Já o pai dela só apertou a minha mão e me disse que tinha sido um prazer me conhecer. Eu quase falei que ele não precisava se preocupar, que eu só tinha as melhores das intenções com a filha dele, mas não consegui. Quando Nina foi para o carro e só ficamos nós e Ridley, pensei em falar. As palavras estavam na minha garganta e eu queria muito simplesmente colocá-las para fora. Mas não consegui. Deixei o momento passar e tive que ir embora antes de ter outra chance.

A viagem foi muito melhor do que a ida. Só de eu não ter que olhar pela janela e ver que qualquer caída nossa me transformaria em pó já era uma grande vantagem. Mas eu também pude dormir, apoiando a cabeça na janela, o que a fez bem mais curta. Quando chegamos no carro, até perguntei para Nina se ela não preferia ir de helicóptero, eu poderia muito bem ir pela estrada sozinho. Mas ela disse que não, até insistiu. Disse que era o mínimo que ela podia fazer depois de eu ter demonstrado tanta bondade só em trazê-la para ver sua família. Até chegou a falar que seria egoísta da parte dela não conseguir passar algumas horas a mais indo até o castelo depois de tantas horas de felicidade que ela tinha passado naquele final de semana.

Juro que o jeito que ela sorriu naquela hora me fez querer muito agarrá-la. Eu tive que praticamente me segurar para não a abraçar. Mas eu tinha tanto medo de ela simplesmente me empurrar e me chamar de louco, que preferi não tentar nada.
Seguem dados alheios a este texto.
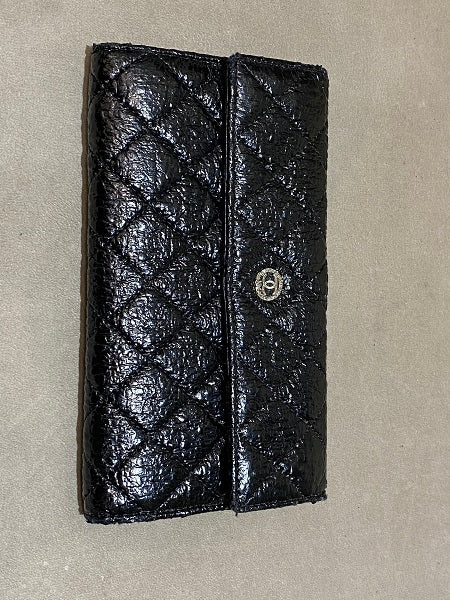 Chanel Black Bifold Distressed Vinyl Long Wallet-wallet-Chanel-The Closet Egypt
Se o pai dela estivesse errado, eu colocaria tudo a perder tentando falar alguma coisa para ela antes que ela sentisse o mesmo. Eu precisava ter certeza de que eu não cairia antes de pular. A última coisa que eu queria era cair. E eu nem deixaria com que ela tivesse uma chance de fazer isso de novo. Não queria a rejeição, não queria nem pensar na possibilidade. Ou ela me falava primeiro que tinha mais alguma coisa entre nós, ou eu nunca falaria nada para ela. Não importava quanto tempo passasse, eu não iria me expor assim só para ela passar por cima de mim em direção ao meu irmão. Eu nunca admitira nada antes que tivesse certeza de que não estaria me arriscando cegamente. Eu precisava que ela me falasse primeiro.